If you have auto ISO enable you are not in full manual mode.
 
I don't want to hijack the thread, so just a quick answer. I have my exposure compensation set to be changed by pressing Set and turning the MnFn wheel, and that works in every mode. In M with auto ISO, the exposure exposure compensation changes the ISO, so if you are at 12800 already, the camera can't make it any higher. You say you can change it anyway, but the same argument could be used against any sort of auto ISO. I find it very useful when I am in a hide with varying light levels, and I want a reasonable depth of field and a good shutter speed, so I set the aperture and shutter speed, leave auto ISO on with a set upper limit, and use exposure compensation as normal.
This
Your test was flawed because you were at the ISO ceiling, try the test in more ordinary conditions.
 
Now If I go the other way and apply negative EV then all that happens is my ISO drops. So back to my original questions what is the point of exposure compensation in manual mode when all that is really happening is the ISO is dropping. I could change that anyway.
Not whilst keeping auto ISO.

The 'problem' this fixes needs to be understood. In Manual mode with a fixed ISO, you can deliberately underexposed or overexpose (on the meter) to get your chosen exposure. But as soon as you use Auto ISO you have to accept a zeroed meter reading, thereby rendering auto ISO unusable with Manual exposure.
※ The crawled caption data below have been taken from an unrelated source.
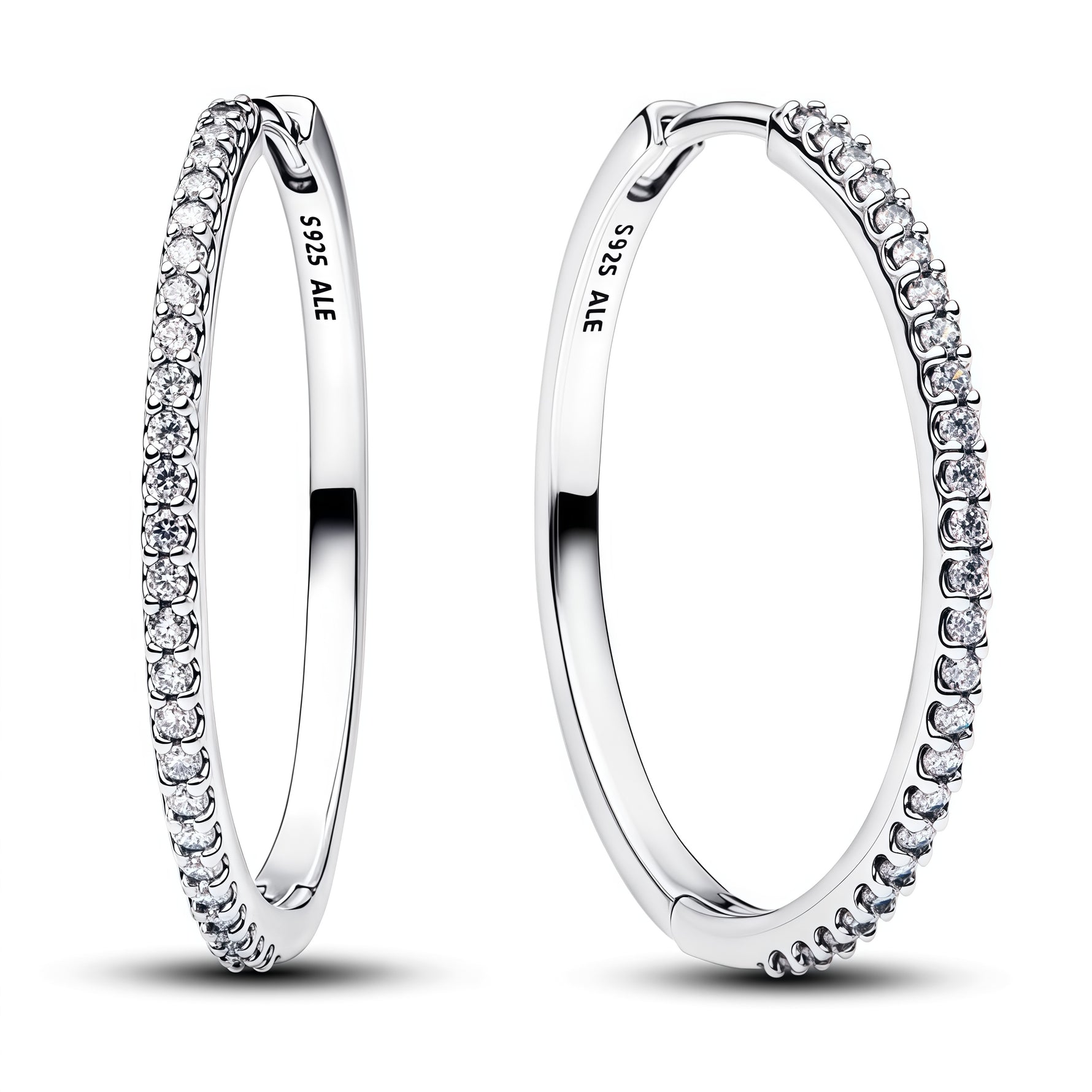 Apporte une touche d’éclat et d’élégance à ton style avec ces boucles d’oreilles anneaux argentés ornés de strass. Leur design raffiné associe la brillance de l’argent à la lumière des pierres, pour un rendu chic, moderne et intemporel. Un bijou délicat et facile à porter, parfait pour sublimer une tenue du quotidien comme une occasion spéciale.

Caractéristiques :

-&nbsp;Matière : Argent 925.
-&nbsp;Design : Anneaux argentés avec strass, finition brillante et détails soignés.
-&nbsp;Dimensions : Taille co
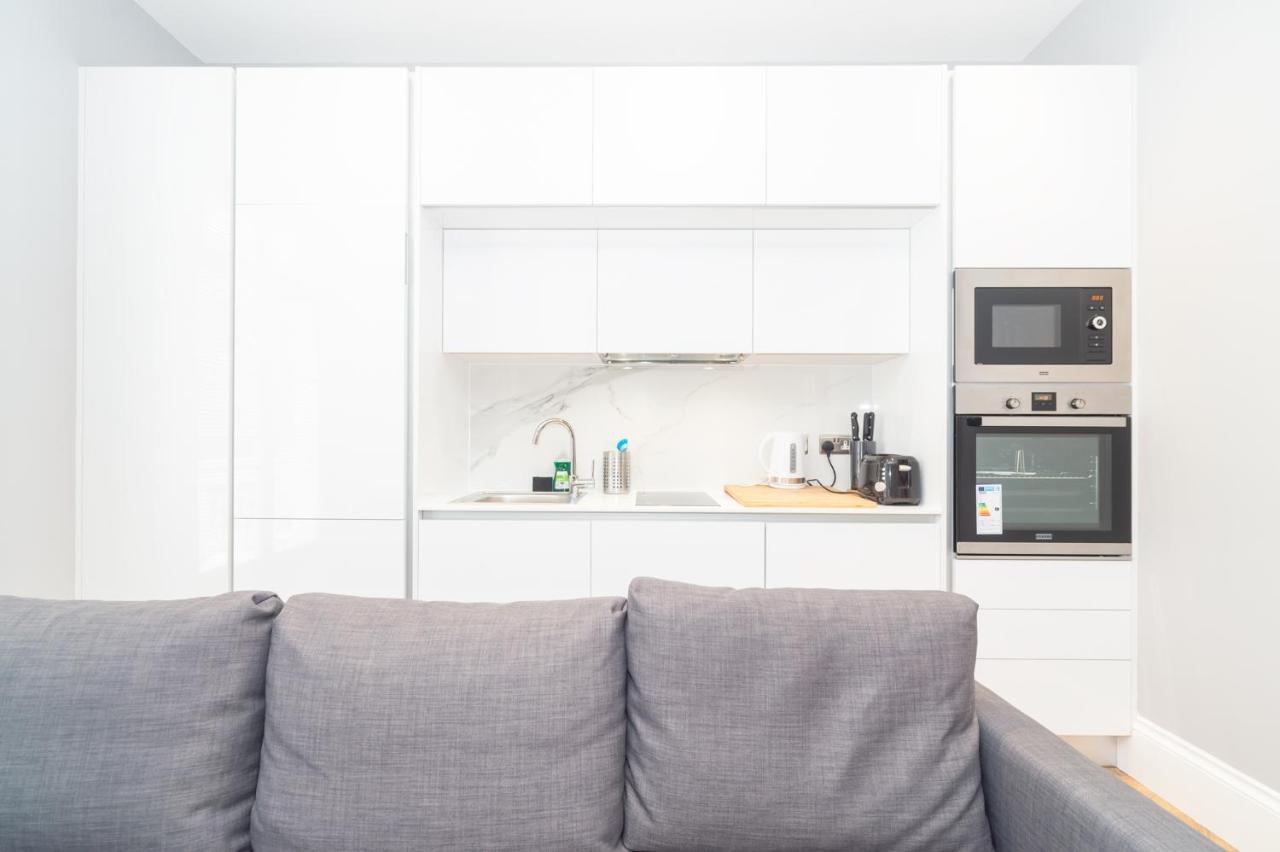 Stunning Hyde Park Apartments London Bagian luar foto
Being able to set exp comp in Manual makes Auto ISO usable. It's genius, Nikon have had it for years Canonare just starting with it.
 
Not whilst keeping auto ISO.

The 'problem' this fixes needs to be understood. In Manual mode with a fixed ISO, you can deliberately underexposed or overexpose (on the meter) to get your chosen exposure. But as soon as you use Auto ISO you have to accept a zeroed meter reading, thereby rendering auto ISO unusable with Manual exposure.

Being able to set exp comp in Manual makes Auto ISO usable. It's genius, Nikon have had it for years Canonare just starting with it.

I'll have a play this weekend. Something new to get my head around :)
 
I'm another fan of auto ISO with compensation in manual exposure mode :D

I tend to use aperture priority with auto ISO until the light level drops to the point that the camera sets the shutter speed too low. In shutter priority I'd have the problem of the camera selecting the widest aperture so instead I switch to manual mode and set the aperture and shutter speed I want and use compensation as I see fit.

I love this and I really miss it when using a camera that can't do it.
 
I'm another fan of auto ISO with compensation in manual exposure mode :D

I tend to use aperture priority with auto ISO until the light level drops to the point that the camera sets the shutter speed too low. In shutter priority I'd have the problem of the camera selecting the widest aperture so instead I switch to manual mode and set the aperture and shutter speed I want and use compensation as I see fit.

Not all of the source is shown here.